AFP Emmanuel Macron et Donald Trump lors de leur entretien bilatéral en marge du G7 au Canada

Le porte-parole du Premier-Ministre du Canada a réagi samedi soir aux déclarations du président Donald Trump en soulignant que " Nous sommes concentrés sur tout ce que nous avons accompli ici au sommet # G7, ajoutant que le premier ministre n'a rien dit de nouveau, tant en public qu'en privé, avec le président". "C'est fragile mais il faut essayer et l'amitié pourra ensuite peut-être reprendre le dessus". Abattre ces obstacles au commerce était l'un des points mentionnés par Donald Trump au cours du sommet.

Based on Justin's false statements at his news conference, and the fact that Canada is charging massive Tariffs to our U.S. farmers, workers and companies, I have instructed our U.S. Reps not to endorse the Communique as we look at Tariffs on automobiles flooding the U.S. Market!

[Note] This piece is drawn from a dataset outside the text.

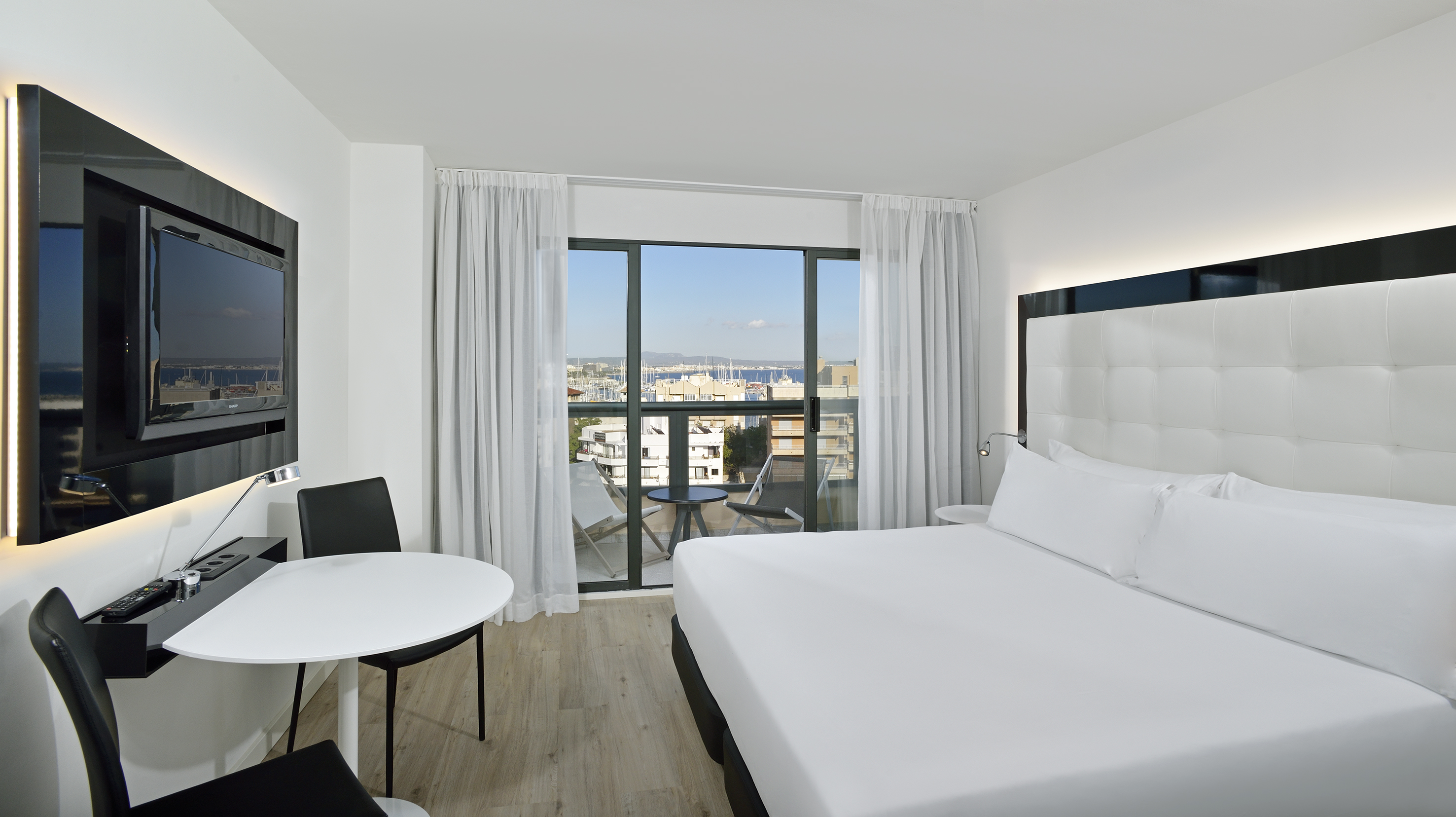 a room with a bed and a table and chairs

Et il avait promis d'y répliquer "sans sourciller". Le Canada précise que son Premier ministre reste concentré sur les accomplissements effectués durant le sommet. Moins de 24 heures avant, le président américain assurait pourtant que la relation canado-américaine était meilleure que jamais.

"J'ai souligné directement au président que ... c'est insultant, et j'ai souligné que cela ne nous aiderait pas dans notre renégociation de l'ALENA, et que ce serait avec regret, mais ce serait avec une certitude et une fermeté absolues que nous irions de l'avant le 1er juillet, avec les mesures de rétorsion", a déclaré Justin Trudeau lors de la conférence de presse qui a suivi le sommet G7 auquel ont pris part une dizaine d'autres chefs d'Etat ou de gouvernement des pays en voie de développement ou sous-développés comme Haïti gangrené par la corruption et l'impunité. Ses services n'ont voulu faire aucun commentaire dans l'immédiat.

Cette réaction intervient quelques heures après deux tweets du président américain, publiés alors que lui et les autres participants au sommet avaient déjà quitté leur lieu de réunion à La Malbaie (Canada), dans lesquels il s'est désolidarisé à la surprise générale du communiqué final négocié de haute lutte par le "Groupe des sept" (Etats-Unis, Canada, Royaume-Uni, France, Allemagne, Italie, Japon). Et de préciser: "Nous nous engageons à moderniser l'Organisation mondiale du commerce (OMC) afin de la rendre plus juste dès que possible". Quitte à déclencher une guerre commerciale ouverte, comme le montre sa menace réitérée de taxer les importations de voiture. S'il la met à exécution, le conflit commercial larvé entre les Etats-Unis et leurs partenaires tournerait à la guerre commerciale ouverte.

Donald Trump, prêt à toutes les confrontations pour réduire le déficit des échanges américains, a par ailleurs renouvelé sa menace de droits de douanes accrus sur les voitures européennes et étrangères importées aux Etats-Unis. "Nous sommes la tirelire que tout le monde pille", a-t-il déploré. Il est passé en coup de vent devant les journalistes qui s'étaient massés dans le lobby de l'hôtel.

Pour sa part, le ministre des Finances, Carlos Leitao, a qualifié d'"inacceptable" le traitement accordé à Justin Trudeau par le président américain.

Selon Trump, l'Allemagne, spécialement dans sa ligne de mire, "consacre 1% (à peine) de son PIB à l'Otan, alors que nous payons 4% d'un PIB BEAUCOUP plus grand".

Malgré les sourires des dirigeants à la fin du sommet, le G7 a donc été dynamité par un Donald Trump qui goûte bien plus la confrontation bilatérale brutale que les longues négociations multilatérales. Jusqu'à provoquer le fiasco final de la rencontre. Dans le même tweet, il a reproché à Donald Trump d'endommager le statut international et les intérêts nationaux américains par ses politiques protectionnistes mal orientées et ses bouffonneries.